Sisterhood and Misterhood
First thing’s first, being part of an Ummah opens doors of opportunities to us all. From bake sales to charity dinners, from business opportunities, to play dates for our kids, we bond over surprising differences as well as similarities. A huge huddle of people supporting each other through the highs and lows of their lives and making sure that not one person feels isolated. The sad reality of life today is that many people, especially those that are being bullied, new mothers and the elderly feel disconnected from reality as they simply don’t have that human interaction. After all what makes us human are our emotions, but what’s even more important is using those emotions to convey messages to others, and that shouldn’t be a rarity, but sadly it is.
In fact, coming to a personal story of my own, I quite recently felt rather anxious for an exam of mine. I was so nervous, that I felt very queasy, and uneasy, scared and alone. All these emotions were whirling around in my head, but since I was on a bus, with none of my friends around me, I wasn’t quite sure who to talk to, or how to explain my situation. It wasn’t until a lovely old lady came and sat right beside, and we simply said nothing for a good 10 minutes. I guess her motherly instincts kicked in when she saw me in my awful state. It didn’t take long for me to blurt out what was going on in my head, and she was not only so calm but reassuring, jokey and warm-hearted. Her advice was simple but delivered with love. Perhaps what made the most difference was the fact that she believed in me when I felt most vulnerable, and that belief was what changed my mindset, and made me feel brave about taking that exam (which went well! Alhumdullilah).
Airiness and Wariness
However, in every ocean, you do find a pebble trying to rebel against the tide, and unfortunately,
sisterhood is the same. Accepting that we’re human means accepting that we have flaws, that we make mistakes, that we can be careless. Yet, at the same time, actively seeking to expose others for who we ‘think’ they are is never a good idea, both for our wellbeing and the wellbeing of our fellow brothers, sisters, friends and family. We often forget that progress is subjective and can take time.

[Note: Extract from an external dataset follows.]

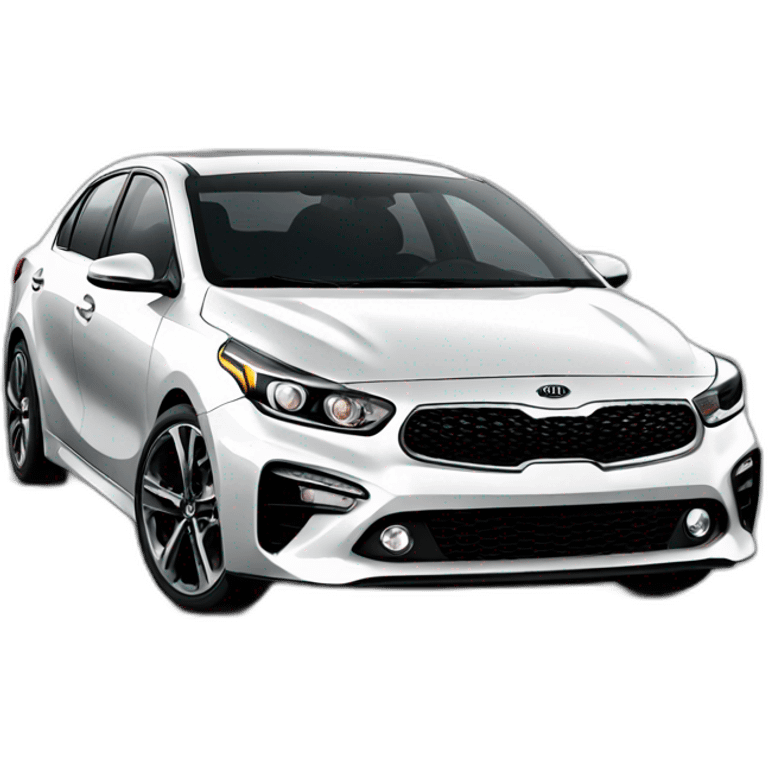 Kia forte GT  emoji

It’s all too often the case that when people return to their faith after years of departing ways, feeling depressed, and alone, they seek comfort and joy in the people that surround them. But, stepping into this circle often comes with ‘strings attached’. We make ‘one size fits all’ rules, constantly picking on petty things, distracting and deterring others from their path to forgiveness, driving people away from the place they call home, back into a cycle of anxiety. It usually comes down to the way we dress, the way we pray, the way we love, laugh, talk, smile, and simply…are. A community celebrates inclusivity, not exclusivity and we have to work hard on empowering others. From businesses to charities and from friends to family.

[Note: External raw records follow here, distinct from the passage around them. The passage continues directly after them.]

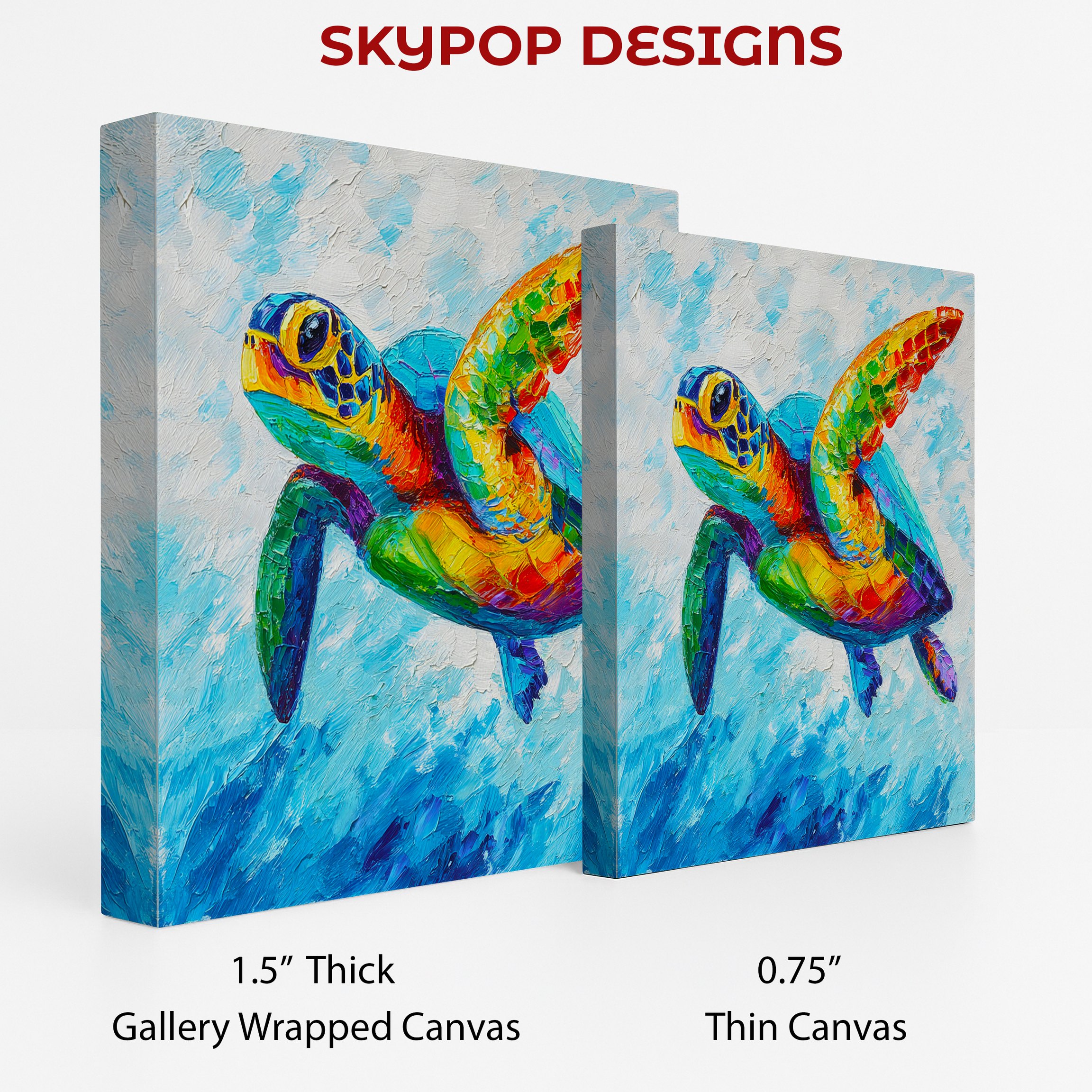 2.jpg Colorful Turtle Art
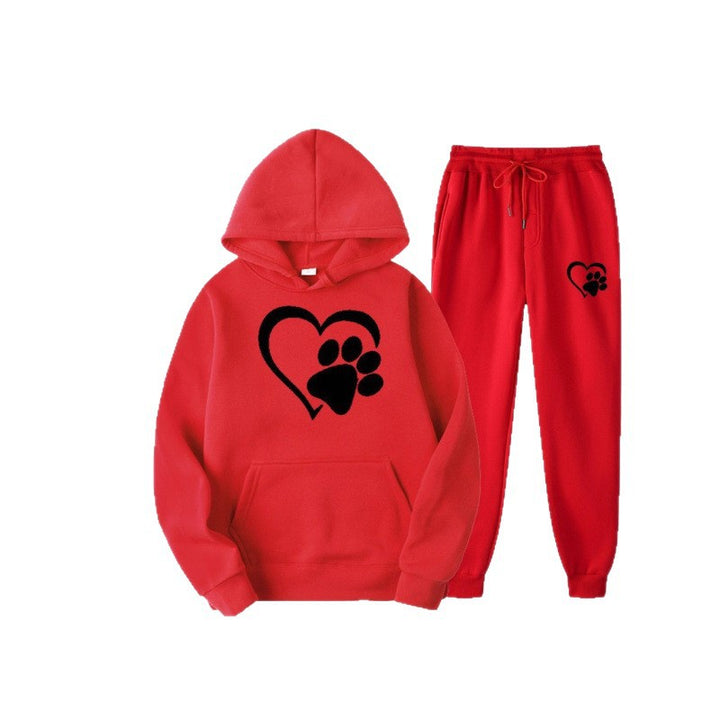 Women's Cozy Hoodie and Jogging Pants Set Mune Fashion
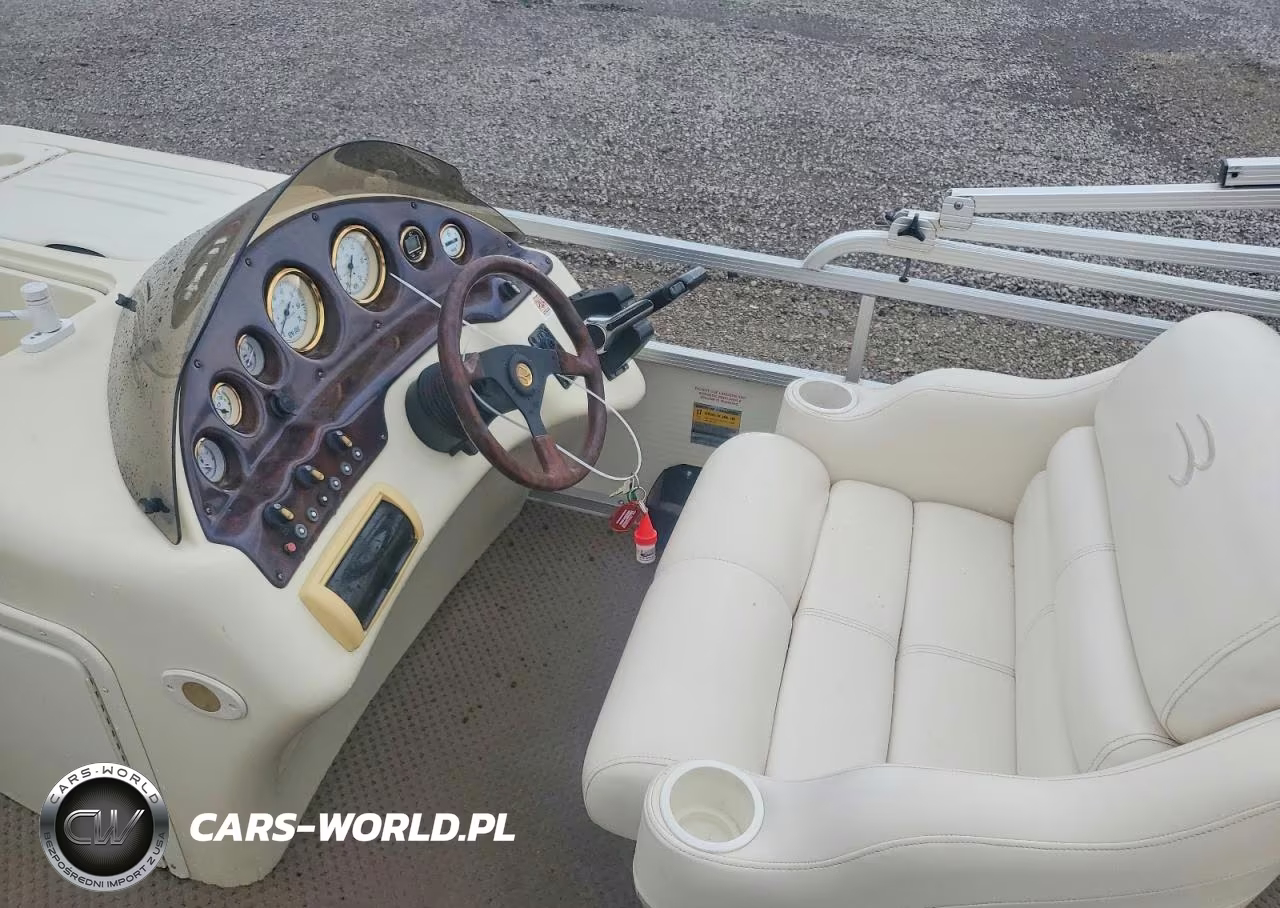 2001 Bennington Marine Boat W-Trl VIN:ETW10706L001 - 6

With this comes another warning, of being wary. Surrounding ourselves with negative energy or subjecting ourselves to negative situations can never be healthy for our mindsets, nor our body. This is why it’s extremely important to be careful of people who are weighing you down. In a world where being a unique individual is what matters the most, being part of a herd and following others can never be a recipe for success. Whilst challenging yourself and broadening your interests is not only desirable but an asset, it’s also essential to cut yourself loose from those who do not wish to see you succeed, no matter what environment that may be in.
Sadly, all too often sisterhood or brotherhood are used as labels for manipulating others.

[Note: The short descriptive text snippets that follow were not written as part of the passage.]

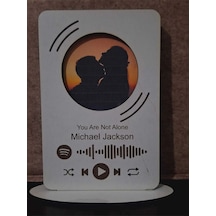 Lavanta Tasarım Spotify Barkodlu Kişiye Özel Çerçeve - 1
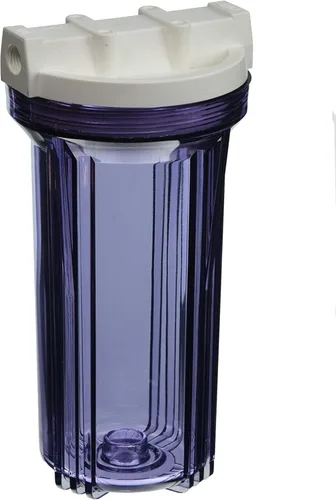 Vista 3 de CFS - Juego de 5 filtros de agua que incluye carcasa de filtro de 10 pulgadas y cartuchos de filtro de carbono compatibles con modelos 10CLW12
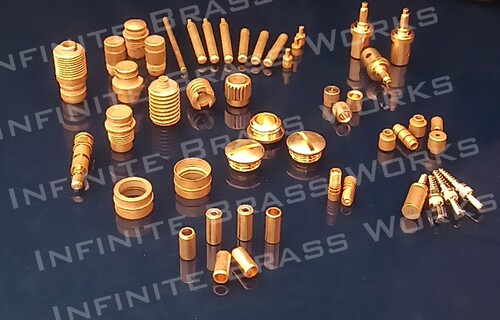 Brass Automobiles Components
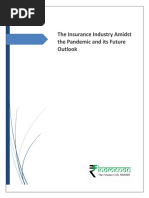 Insurance Industry Amidst The Pandemic and Its Future Outlook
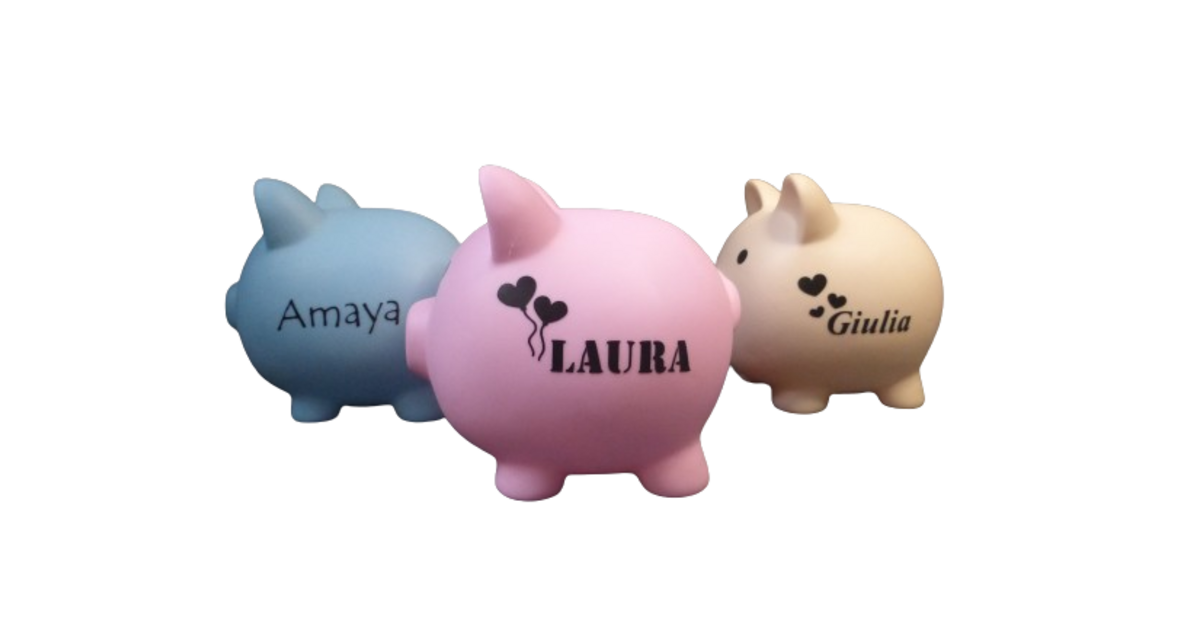 Tirelire Cochon Avec Mot De Passe Pour Enfants - Sécurisée, Grande Capacité - Cadeau Garçons Filles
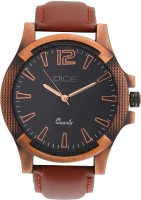 DICE RGD-B073X-6310 Rose Gold D Analog Watch For Men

They make ask for your business model or stay in contact with you for personal gains, rather than for objective gains. Which is why it’s all the more important to love unconditionally whilst you have the chance, but nonetheless retain the ability to say the all-important ‘no’ when you feel pressurised into pleasing others. The best way to sum it up is about learning to love yourself the most.
So you may be sat there thinking, what’s the conclusion to my rant? In essence, life is too short to forgo opportunities for development so we should grasp then whilst we can, but not at the expense of others. And whilst there are pockets of communities all over the country, and even the world(!) catering to people of all different backgrounds, we must reach out to those whose voices go unheard. After all, sisterhood is all about finding your feet in midst of a jungle, and that jungle may as well be this funny old thing we refer to as ‘life’.